Interferon-tau stimulates secretion of macrophage migration inhibitory factor from bovine endometrial epithelial cells

During early pregnancy in ruminants, the embryo not only prevents prostaglandin F2alpha release, but it also modifies protein synthesis in the endometrium. This is accomplished by the secretion of interferon-tau (IFN-tau) from the embryo. The objective of this study was to identify and characterize specific proteins secreted from endometrial epithelial cells in response to IFN-tau that could be important for endometrial function and/or embryo development. The epithelial cells were prepared and cultured to confluence and then incubated with or without 100 ng/ml IFN-tau. At the end of the incubation, the proteins in the medium were analyzed by two-dimensional PAGE. The result showed that two major protein spots were induced by IFN-tau. One has a molecular mass of approximately 12 kDa and an isoelectric point (pI) of 6.7; the other has a molecular mass of 76 kDa and pI of 4.8. Protein sequence analysis showed that the 12-kDa protein contained a partial amino acid sequence that corresponded to macrophage migration inhibitory factor (MIF). To determine whether MIF is expressed in endometrial cells, isolated stromal or epithelial cells were incubated with or without 100 ng/ml IFN-tau for 0, 3, 6, 12, 24, and 48 h. After incubation, the MIF protein in cells was examined by Western blotting analysis, and the steady-state mRNA for MIF was examined by Northern analysis. Results showed that MIF protein and mRNA were present in the epithelial cells but not the stromal cells. The presence of MIF in the luminal epithelium of endometrial tissue was confirmed by immunohistochemistry. However, there was no effect of IFN-tau on MIF expression in the epithelial cells. The concentration of MIF in the medium was quantified by Western blotting analysis to determine if IFN-tau altered MIF protein secretion from the epithelial cells. The results showed that IFN-tau significantly stimulated the secretion of MIF protein from the cells.

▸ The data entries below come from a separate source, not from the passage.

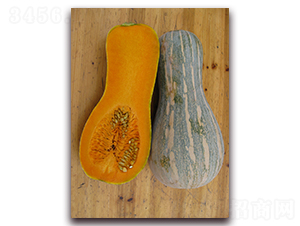 ���S��-�ϹϷN��-���y�ϲ�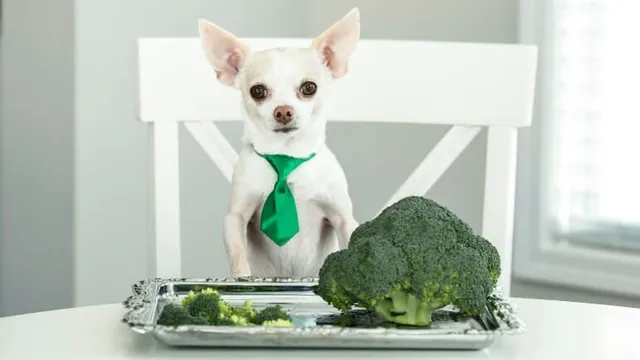 Can Dogs Eat Broccoli And Cauliflower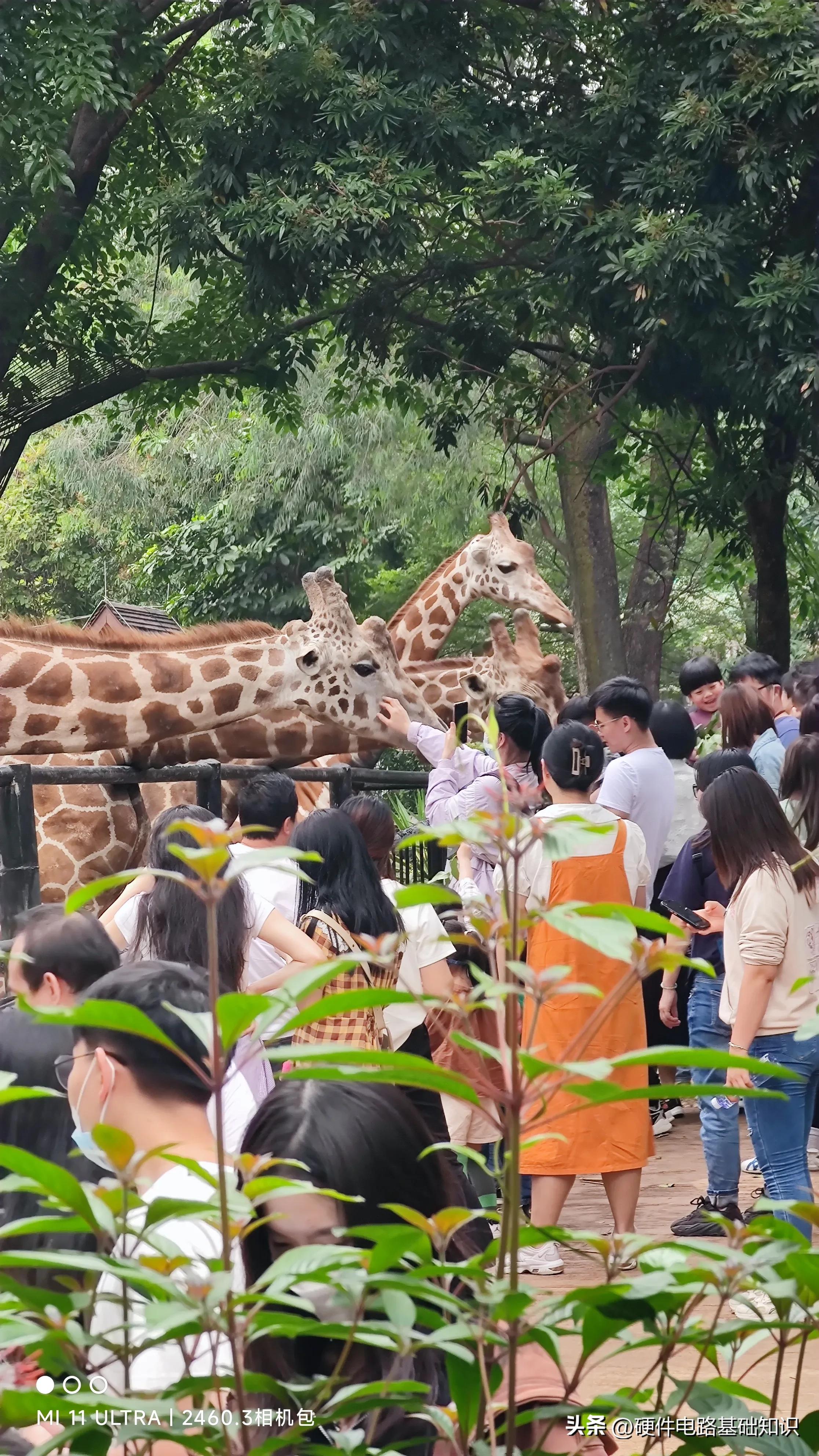 五一广州动物园人挤人的一天,广州动物园有序开放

These data show that MIF is expressed in the epithelial, but not the stromal, cells of the endometrium and that MIF secretion from the epithelial cells is stimulated by IFN-tau. It is therefore likely that MIF plays a role in early embryo development, and further characterization of MIF expression and its regulation in the endometrium will add significantly to our understanding of early embryo-uterine interactions.